Directions: Go through the listing below and output exactly the line with "Patrick E Pizza food", the line with "Technicien ZOZO Sécurité", and each line between; omit the rest.

Data supplied:
-- -- --
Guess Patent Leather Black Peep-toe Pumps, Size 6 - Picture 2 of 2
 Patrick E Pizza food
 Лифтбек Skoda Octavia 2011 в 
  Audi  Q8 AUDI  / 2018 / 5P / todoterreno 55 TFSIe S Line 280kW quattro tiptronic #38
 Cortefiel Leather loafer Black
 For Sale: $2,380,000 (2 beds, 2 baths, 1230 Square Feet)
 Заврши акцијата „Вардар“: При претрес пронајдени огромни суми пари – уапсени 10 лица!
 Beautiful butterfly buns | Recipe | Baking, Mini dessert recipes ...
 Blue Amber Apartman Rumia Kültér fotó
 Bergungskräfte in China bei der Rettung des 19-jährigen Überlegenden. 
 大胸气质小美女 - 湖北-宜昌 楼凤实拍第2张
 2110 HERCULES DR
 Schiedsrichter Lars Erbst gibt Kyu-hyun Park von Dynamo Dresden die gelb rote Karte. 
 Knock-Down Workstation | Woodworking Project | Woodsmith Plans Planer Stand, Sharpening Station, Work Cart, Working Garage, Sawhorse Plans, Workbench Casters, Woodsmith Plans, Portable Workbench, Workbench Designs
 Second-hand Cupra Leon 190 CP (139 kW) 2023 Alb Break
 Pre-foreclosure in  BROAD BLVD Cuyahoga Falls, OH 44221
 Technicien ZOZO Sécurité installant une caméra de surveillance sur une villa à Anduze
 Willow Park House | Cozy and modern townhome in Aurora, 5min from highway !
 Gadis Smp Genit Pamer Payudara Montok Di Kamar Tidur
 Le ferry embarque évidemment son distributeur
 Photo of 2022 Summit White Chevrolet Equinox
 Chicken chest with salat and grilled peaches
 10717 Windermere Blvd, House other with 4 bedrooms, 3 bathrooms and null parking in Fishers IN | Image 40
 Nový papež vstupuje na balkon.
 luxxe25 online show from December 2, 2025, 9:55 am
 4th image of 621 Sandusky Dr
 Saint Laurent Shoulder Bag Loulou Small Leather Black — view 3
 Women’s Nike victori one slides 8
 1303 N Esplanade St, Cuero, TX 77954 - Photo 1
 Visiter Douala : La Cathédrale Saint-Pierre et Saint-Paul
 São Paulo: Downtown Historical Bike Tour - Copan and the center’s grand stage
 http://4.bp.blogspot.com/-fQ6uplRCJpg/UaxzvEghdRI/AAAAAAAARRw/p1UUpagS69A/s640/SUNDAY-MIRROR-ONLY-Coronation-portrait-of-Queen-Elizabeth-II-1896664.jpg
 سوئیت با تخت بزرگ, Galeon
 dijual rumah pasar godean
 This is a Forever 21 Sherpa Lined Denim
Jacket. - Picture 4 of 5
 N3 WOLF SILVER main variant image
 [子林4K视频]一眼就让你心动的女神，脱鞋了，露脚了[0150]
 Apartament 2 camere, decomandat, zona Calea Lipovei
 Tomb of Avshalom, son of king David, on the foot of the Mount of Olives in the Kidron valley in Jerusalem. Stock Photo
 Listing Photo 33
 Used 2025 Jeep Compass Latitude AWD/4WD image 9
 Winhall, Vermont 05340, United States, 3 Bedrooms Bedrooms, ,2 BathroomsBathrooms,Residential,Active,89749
-- -- --
The completed task:
 Patrick E Pizza food
 Лифтбек Skoda Octavia 2011 в 
  Audi  Q8 AUDI  / 2018 / 5P / todoterreno 55 TFSIe S Line 280kW quattro tiptronic #38
 Cortefiel Leather loafer Black
 For Sale: $2,380,000 (2 beds, 2 baths, 1230 Square Feet)
 Заврши акцијата „Вардар“: При претрес пронајдени огромни суми пари – уапсени 10 лица!
 Beautiful butterfly buns | Recipe | Baking, Mini dessert recipes ...
 Blue Amber Apartman Rumia Kültér fotó
 Bergungskräfte in China bei der Rettung des 19-jährigen Überlegenden. 
 大胸气质小美女 - 湖北-宜昌 楼凤实拍第2张
 2110 HERCULES DR
 Schiedsrichter Lars Erbst gibt Kyu-hyun Park von Dynamo Dresden die gelb rote Karte. 
 Knock-Down Workstation | Woodworking Project | Woodsmith Plans Planer Stand, Sharpening Station, Work Cart, Working Garage, Sawhorse Plans, Workbench Casters, Woodsmith Plans, Portable Workbench, Workbench Designs
 Second-hand Cupra Leon 190 CP (139 kW) 2023 Alb Break
 Pre-foreclosure in  BROAD BLVD Cuyahoga Falls, OH 44221
 Technicien ZOZO Sécurité installant une caméra de surveillance sur une villa à Anduze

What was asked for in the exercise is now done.